# Should I change my flight out of Denver?



## Flight (Jun 23, 2017)

Two of us will be arriving in Denver on July 10th on California Zephyr from EMY. Booked a flight out of Denver at 11:59 pm also on July 10th.

Now after reading that juckins website with on time record of Amtrak I realized that flight was a mistake. The question is, should I go ahead and eat the $200pp change fee now to a later flight or take our chances? I expect the last minute airfare will be more expensive than $200 each.


----------



## BCL (Jun 23, 2017)

That much time? I wouldn't worry about it. You have 16+ hours if on time. You did mean 11:59 PM, right - as in one minute before midnight? That would be really late so that you wouldn't be able to make it.

If you're really, really late, then you might try calling airline customer service to say that you're late and not simply declared a no show. In that case they might make a notation that you tried to get there, and you're more likely to be accommodated on a standby basis on the next available flight.

Now they seem to have a direct train from Union Station to the airport. Before I was trying to figure out how to do this if I needed to rent a car at the airport.


----------



## CCC1007 (Jun 23, 2017)

BCL said:


> That much time? I wouldn't worry about it. You have 16+ hours if on time. You did mean 11:59 PM, right - as in one minute before midnight? That would be really late so that you wouldn't be able to make it.
> 
> If you're really, really late, then you might try calling airline customer service to say that you're late and not simply declared a no show. In that case they might make a notation that you tried to get there, and you're more likely to be accommodated on a standby basis on the next available flight.
> 
> Now they seem to have a direct train from Union Station to the airport. Before I was trying to figure out how to do this if I needed to rent a car at the airport.

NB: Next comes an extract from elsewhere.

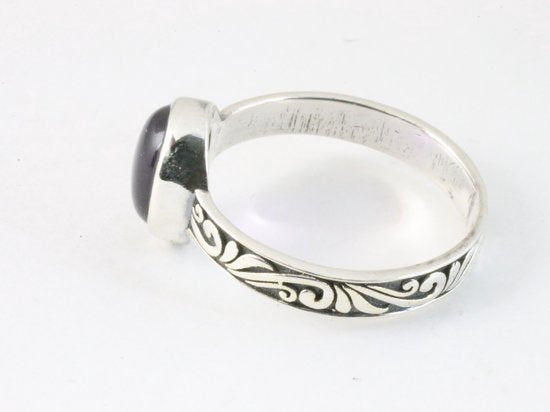 Fijne bewerkte zilveren ring met amethist afbeelding 2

The RTD A line costs $9 for an all day pass, and operates every 15 minutes during most of the day, and every 30 minutes during the evening and up to the 2AM hour or so. It takes about 45 minutes to get to the airport on the train.


----------



## flight (Jun 23, 2017)

BCL said:


> That much time? I wouldn't worry about it. You have 16+ hours if on time. You did mean 11:59 PM, right - as in one minute before midnight? That would be really late so that you wouldn't be able to make it.
> 
> If you're really, really late, then you might try calling airline customer service to say that you're late and not simply declared a no show. In that case they might make a notation that you tried to get there, and you're more likely to be accommodated on a standby basis on the next available flight.
> 
> Now they seem to have a direct train from Union Station to the airport. Before I was trying to figure out how to do this if I needed to rent a car at the airport.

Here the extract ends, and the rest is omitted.